For 25 years, photojournalist Lauren Greenfield has traveled the US and the world documenting what she calls “the influence of affluence”: a culture-wide aspiration to wealth that, fueled by mass media, only seems to deepen as social mobility stalls.
Greenfield and her camera have captured the glittering and grim elements of a society fixated on conspicuous consumption. Her subjects—raining dollars at strip clubs, oligarchs’ wives, houses shuttered and abandoned in the wake of the financial crash—are familiar images, rendered here as cultural artifact.
“The trends and behavior and attitudes that she’s depicting . . . are in many ways the dominant trend of our culture for this period from 1980 to the crash,” sociologist Juliet Schor told Quartz.
Greenfield’s photographs are collected in a book and traveling photography exhibition entitled Generation Wealth. Together, the photographs offer visual evidence of what Schor describes in the book’s preface as the defining social principle behind consumption: “What we want is determined by the social worlds in which we live.”
The exhibit concluded a run in Los Angeles in August and opens Sept. 20 at New York’s ICP Museum. Quartz spoke to Greenfield about consumption, aspiration, and what we lost by keeping up with the Kardashians.
Quartz: You started the project photographing young people in Los Angeles in the early 1990s. Did the trends that you document originate in Los Angeles, or was LA just one of many places where this attitude toward materialism was forming?
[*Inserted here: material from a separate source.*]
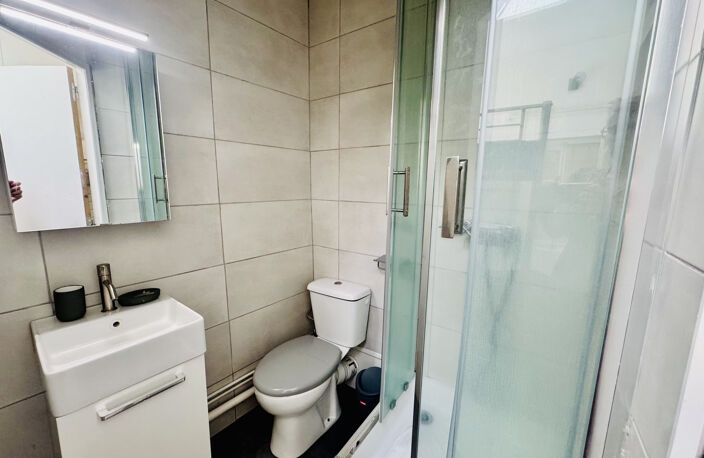 OPPORTUNITE D'INVESTISSEMENT POUR CE STUDIO EN PLEIN CENTRE VILLE — photo 5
Lauren Greenfield: A lot of the drivers behind the trends come from the media, so starting with the kids growing up in LA felt like being close to the flame. It was a place where you could see the extreme manifestations of what was happening all over.
Going back and looking at these 25 years in retrospect, it was really interesting to see, for example, [a photograph of] Kim Kardashian at 12 at one of the parties. It was not a picture that was even in my original edit, because she was insignificant then. But Keeping Up With the Kardashians has been in a way a touchstone for the work, and her fame and rise has been symbolic for the work. So the fact that she was a kid here, growing up at that time, was significant to me.
The other thing I saw as beginning these changes were the Reagan ‘80s. The idea at that time that having money was good, and maybe even [meant] that you were a good person. Oliver Stone created Wall Street, and this character Gordon Gekko, who was intended as a villain ended up, ironically, becoming a role model to a generation on Wall Street, many of whom are in this book.
Those two things [were significant]. [You had] the inundation of media that started with MTV and exploded to all the cable channels, the internet, and social media, and with that the explosion of marketing going directly to the most vulnerable: kids, girls. And then the ethos in the air from the Reagan ‘80s and this shift from a more idealistic, socially minded view from the ‘60s and ‘70s to money becoming more important in the 80s.
Much of your work focuses on the things people buy in place of real social mobility. Can you talk more about the significance of conspicuous consumption as equality and mobility decline?
The backdrop to people prizing bling and “fake it to you make it” so much is that we have less social mobility we had in the 70s—progressively less—and more concentration of wealth in the hands of the few.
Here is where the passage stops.